The winter results were qualitatively similar to the summer results but indicate somewhat better performance of CM-BEM compared to SLUCM+BEM in the simulation of EC_HAC. The distribution of winter EC_HAC and error estimates are presented in Figs. 8 and 9, respectively.

Figure 6 Distributions of (a, b) observed and (c–f) simulated electricity consumption (EC) for heating and air conditioning (HAC) (i.e. EC_HAC) in the Tokyo metropolitan area (a, c, e) and central Tokyo area (b, d, f) averaged over the summer season's weekdays. Simulation results from (c, d) SLUCM+BEM and (e, f) CM-BEM.

Figure 7 Diurnal changes in (a) MBE and (b) MAE of EC_HAC for each urban building use type (Rm, Rd, and BC), and the average of all grids from SLUCM+BEM (upper panels) and CM-BEM (lower panels) averaged over the summer season's weekdays.

Figure 8 As described for Fig. 6 but showing results for the winter season.

Figure 9 As described for Fig. 7 but showing results for the winter season.

3.2.3 Effects of temperature on EC and Q_{FB_S}

The EC_HAC calculation described above depends on the ambient temperature. The relationships between EC and air temperature at representative locations in Tokyo (BC), Kumagaya (Rm), and Nerima (Rd) are shown in Fig. 10a. In summer, the EC and the temperature were positively correlated; the slope of the regression line indicates the temperature sensitivity of EC ($\mathrm{\Delta }\mathrm{EC}/\mathrm{\Delta }T$). Conversely, the correlation is negative in winter, and the regression line slope shallower than in summer, in part because fewer buildings use air conditioning for heating in winter than for cooling in summer (e.g. Takane et al., 2017).

The signs of the $\mathrm{\Delta }\mathrm{EC}/\mathrm{\Delta }T$ values calculated by SLUCM+BEM were the same as those of the observations (positive in summer and negative in winter). The $\mathrm{\Delta }\mathrm{EC}/\mathrm{\Delta }T$ values simulated by SLUCM+BEM for summer are slightly overestimated in BC and Rm and underestimated in Rd, but these are reasonably good with the observations (Table 3). In contract, the simulated values in winter tended to be smaller than the observations, regardless of the urban category (Table 3). CM-BEM has the same feature as SLUCM+BEM; CM-BEM is reasonably good in summer but tended to underestimate $\mathrm{\Delta }\mathrm{EC}/\mathrm{\Delta }T$ in winter. It is important to improve the $\mathrm{\Delta }\mathrm{EC}/\mathrm{\Delta }T$ by SLUCM+BEM and CM-BEM, especially in winter. This is a future challenge.
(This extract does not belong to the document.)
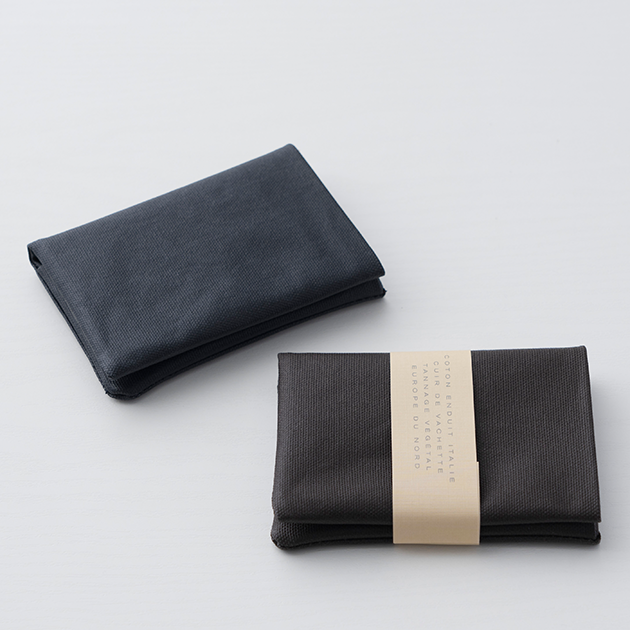 「カレ・ロワイヤル」の二つ折財布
Figure 10 Scatterplots of 2 m temperature and (a) electricity consumption (EC) and (b) anthropogenic sensible heat from buildings (Q_{FB_S}) in Tokyo (BC), Kumagaya (Rm), and Nerima (Rd) at 14:00 LT in summer and winter simulated by SLUCM+BEM. Each plot shows daily results. Lines with error bars are single regression lines. Plots with temperatures >20 °C represent calculation results for summer; those with temperatures <20 °C represent calculation results for winter.
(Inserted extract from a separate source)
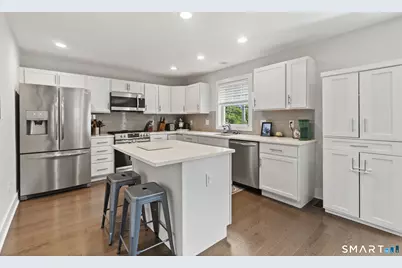 110 Berwick Avenue #110, Fairfield, CT 06825 - Photo 6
Table 3 The SLUCM+BEM- and CM-BEM-simulated EC temperature sensitivities ($\mathrm{\Delta }\mathrm{EC}/\mathrm{\Delta }T$) and the observations at 14:00 LT during each season for all urban categories.

¹ Nakajima et al. (2023); ² Nakajima et al. (2022).

Like EC, Q_{FB_S} can be calculated in a temperature-dependent manner (Fig. 10b). As also noted for EC, Q_{FB_S} and temperature are positively correlated in summer. In this case, winter also shows a positive correlation due to the use of air source air conditioning, leading to heat absorption (i.e. negative heat is emitted) from the outdoor air during heating. This heat absorption is more significant at lower outdoor temperatures.

Notably, in the original SLUCM, EC is always zero, as it is not a target for calculation. The value of Q_{FB_S} does not respond to air temperature (see Fig. 10). By contrast, in SLUCM+BEM, both EC and Q_{FB_S} can be calculated to respond to air temperature. It is a significant achievement that these two variables can now be calculated dynamically after addressing the shortcomings of SLUCM.

4 Discussion

4.1 Importance of considering partial HAC

SLUCM+BEM includes features in the modelling of EC and Q_FB that are not considered in the BEP+BEM or officially included in the WRF, as follows.

• Consideration of partial HAC. BEP+BEM assumes that HAC is always in use on all floors and locations in the building, which is an unrealistic situation and thus overestimates actual EC and consequently Q_FB emissions (Takane et al., 2017; Xu et al., 2018). To avoid this overestimation, this study introduced the concept of partial HAC (Sect. 2.1), as described previously (Takane et al., 2017).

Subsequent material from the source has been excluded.